Directions:
Print the records below exactly, omitting all pictures.

Dataset extract:

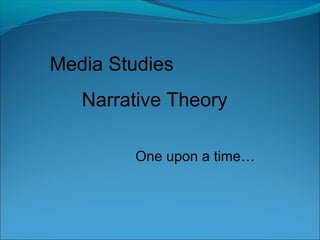 Media Studies
Narrative Theory
One upon a time…
 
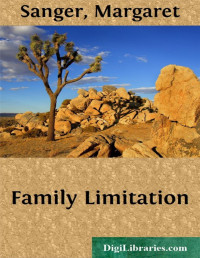 Margaret Sanger — Family Limitation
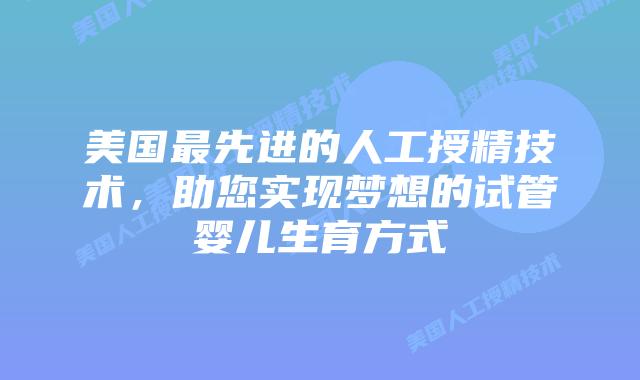 美国最先进的人工授精技术，助您实现梦想的试管婴儿生育方式插图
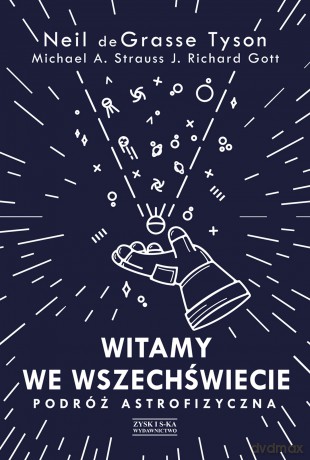 Witamy we Wszechświecie. Podróż astrofizyczna - Neil deGrasse Tyson, Michael A. Strauss, J. Richard Gott [KSIĄŻKA]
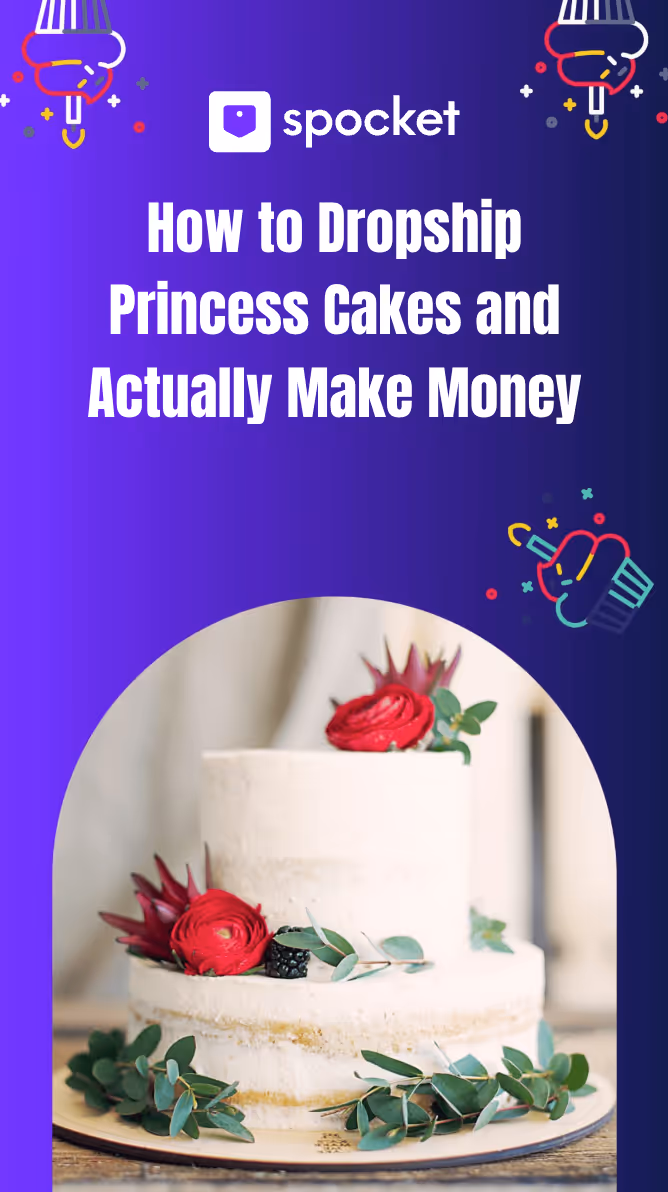 How to Dropship Princess Cakes and Actually Make Money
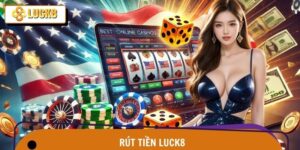 Rút tiền Luck8 – Rút Gọn Thao Tác, Nhận Tiền Cực Nhanh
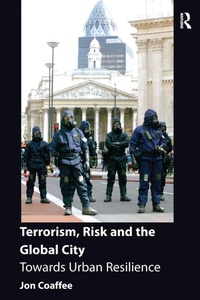 Enlarge image Cover: Terrorism, Risk and the Global City - Routledge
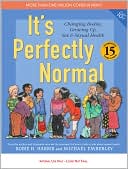 It's Perfectly Normal: Changing Bodies, Growing Up, Sex, and Sexual Health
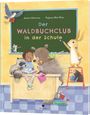 Annie Silvestro: Der Waldbuchclub in der Schule, Buch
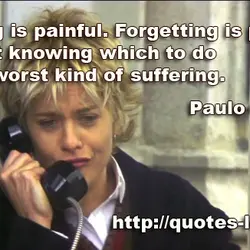 Waiting is painful. Forgetting is painful. But not knowing which to do is the worst...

Exercise result:
 Media Studies
Narrative Theory
One upon a time…
 
 Margaret Sanger — Family Limitation
 美国最先进的人工授精技术，助您实现梦想的试管婴儿生育方式插图
 Witamy we Wszechświecie. Podróż astrofizyczna - Neil deGrasse Tyson, Michael A. Strauss, J. Richard Gott [KSIĄŻKA]
 How to Dropship Princess Cakes and Actually Make Money
 Rút tiền Luck8 – Rút Gọn Thao Tác, Nhận Tiền Cực Nhanh
 Enlarge image Cover: Terrorism, Risk and the Global City - Routledge
 It's Perfectly Normal: Changing Bodies, Growing Up, Sex, and Sexual Health
 Annie Silvestro: Der Waldbuchclub in der Schule, Buch
 Waiting is painful. Forgetting is painful. But not knowing which to do is the worst...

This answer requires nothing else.